:: Information supplied
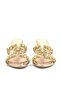 Stone Detailed Thick Heeled Slippers with Gold Stones (Gold Stone) - 3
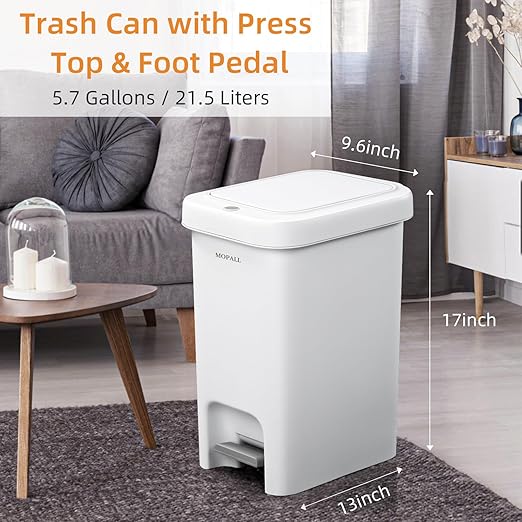MOPALL 21.5L/5.7Gal Slim Bathroom Trash Can - Image 7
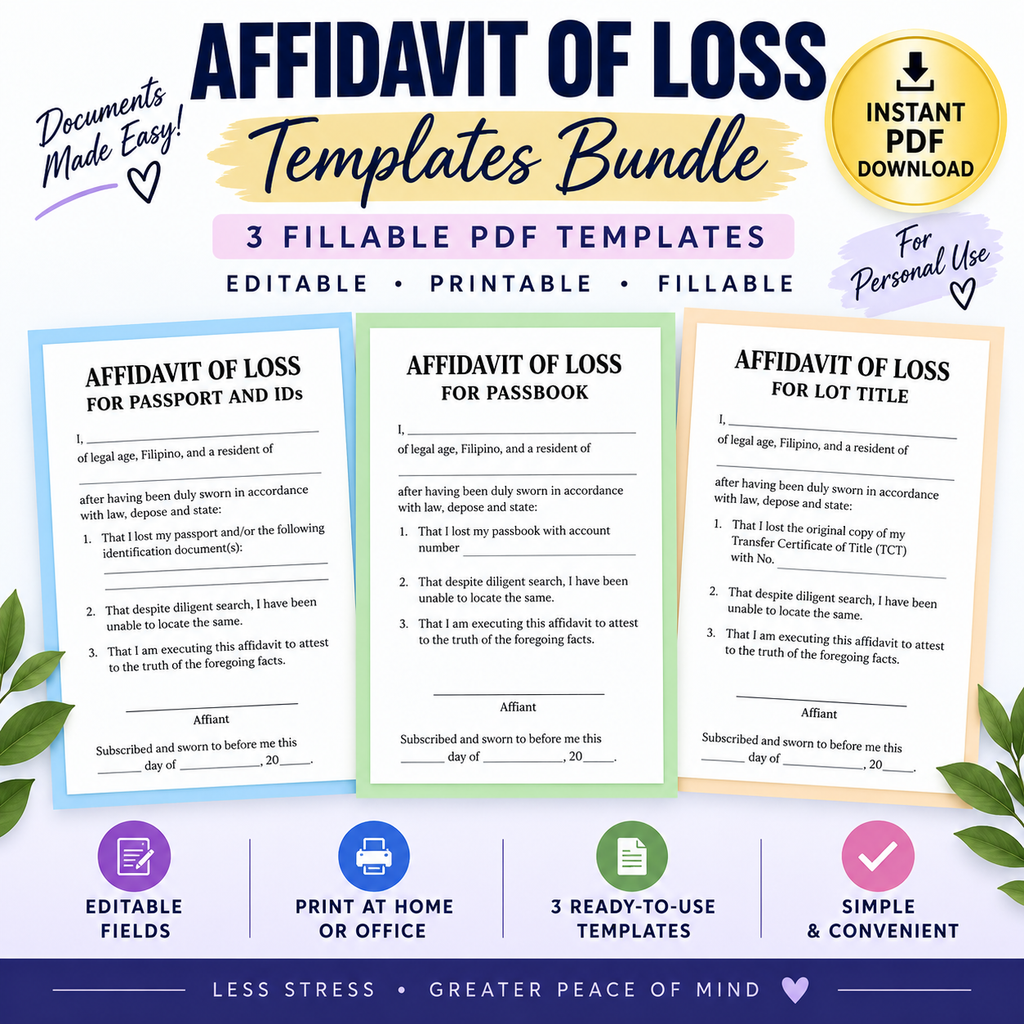 Affidavit of Loss Templates Bundle, Passport ID, Passbook & Lot Title, Fillable PDF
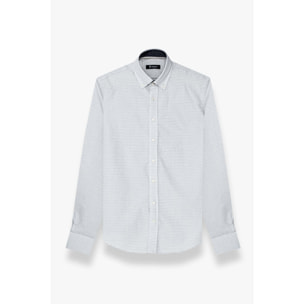 camicia uomo 1 bottone button down slim Jacquard Fantasia Bianco/Nero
::::
Assignment => Transcribe exactly the line containing "Affidavit of Loss" and every line after it through the end of the listing above; pictures are not part of the copy.

Response =>
 Affidavit of Loss Templates Bundle, Passport ID, Passbook & Lot Title, Fillable PDF
 camicia uomo 1 bottone button down slim Jacquard Fantasia Bianco/Nero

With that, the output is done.